─── THE INPUT ───

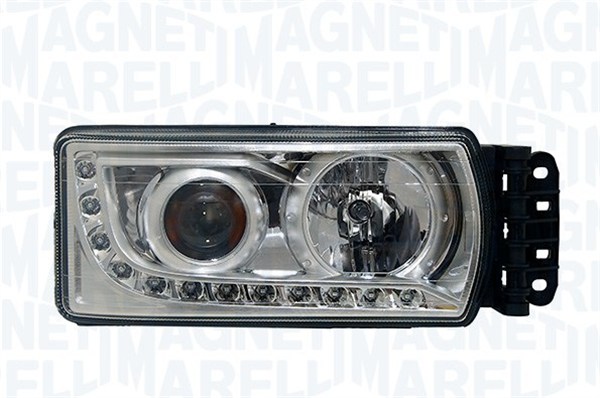 Koplamp Magneti Marelli 712478051129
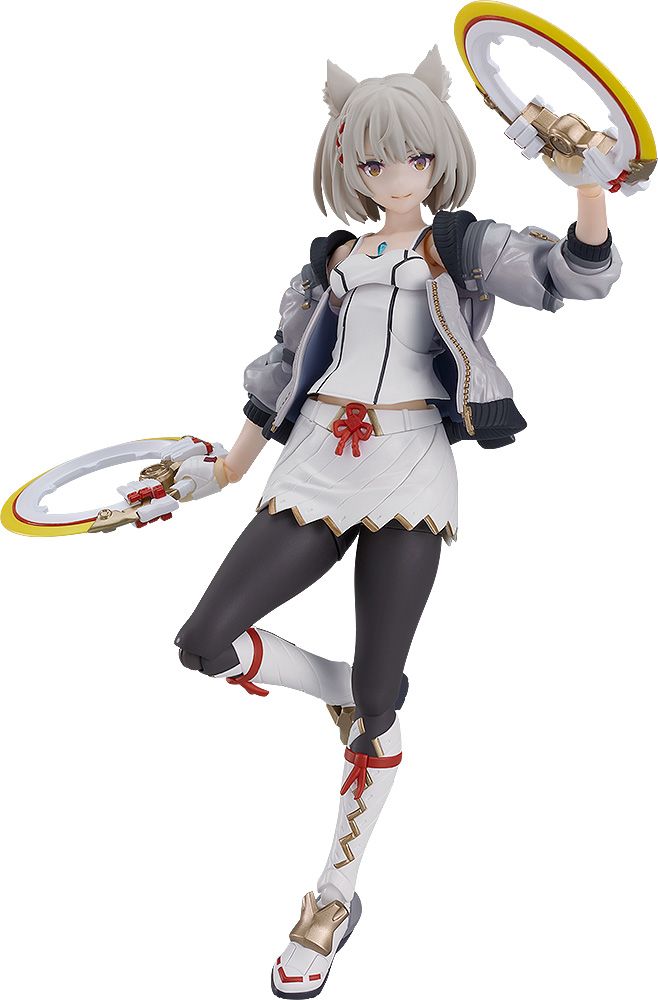 ゼノブレイド3 ミオ Figma ゼノブレイド3_figma ミオ | ゼノブレイド公式グッズ | colleize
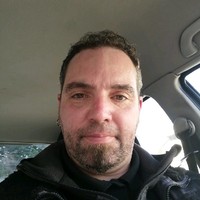 Mark Oldfield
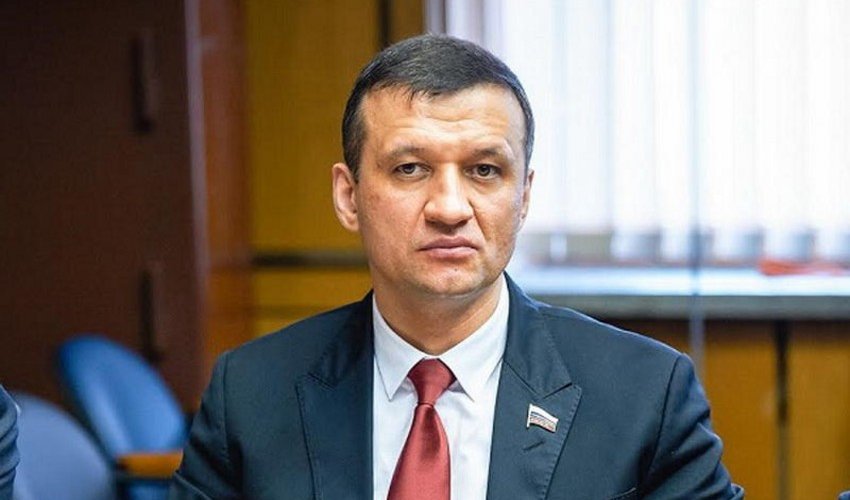 Российский депутат: Действия Армении привели к срыву переговоров Российский депутат: Действия Армении привели к срыву переговоров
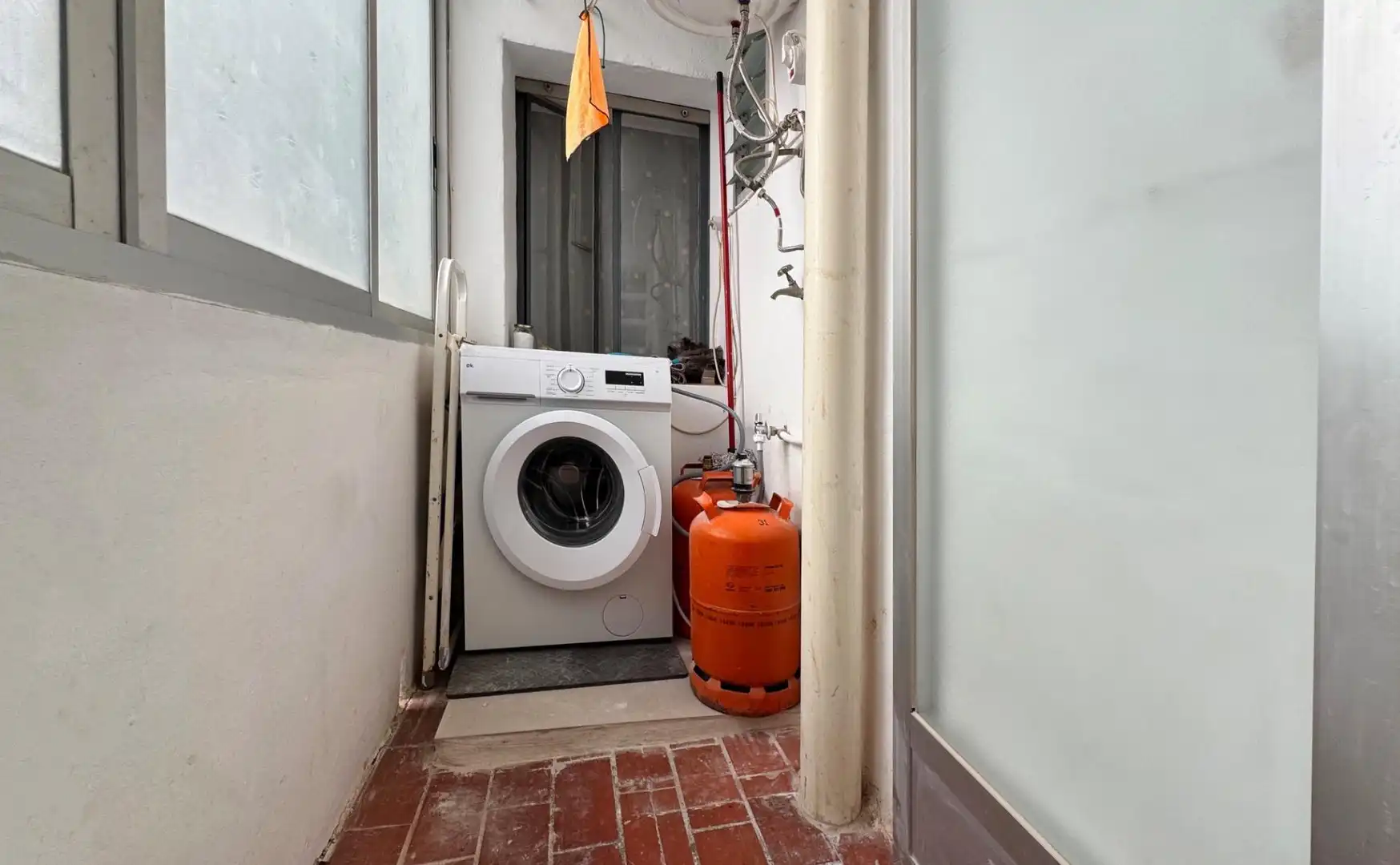 Apartamento en venta en Pego con Aire acondicionado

───

**TASK INSTRUCTIONS**
The records above must be printed exactly; the pictures stay out.

**TASK RESPONSE**
 Koplamp Magneti Marelli 712478051129
 ゼノブレイド3 ミオ Figma ゼノブレイド3_figma ミオ | ゼノブレイド公式グッズ | colleize
 Mark Oldfield
 Российский депутат: Действия Армении привели к срыву переговоров Российский депутат: Действия Армении привели к срыву переговоров
 Apartamento en venta en Pego con Aire acondicionado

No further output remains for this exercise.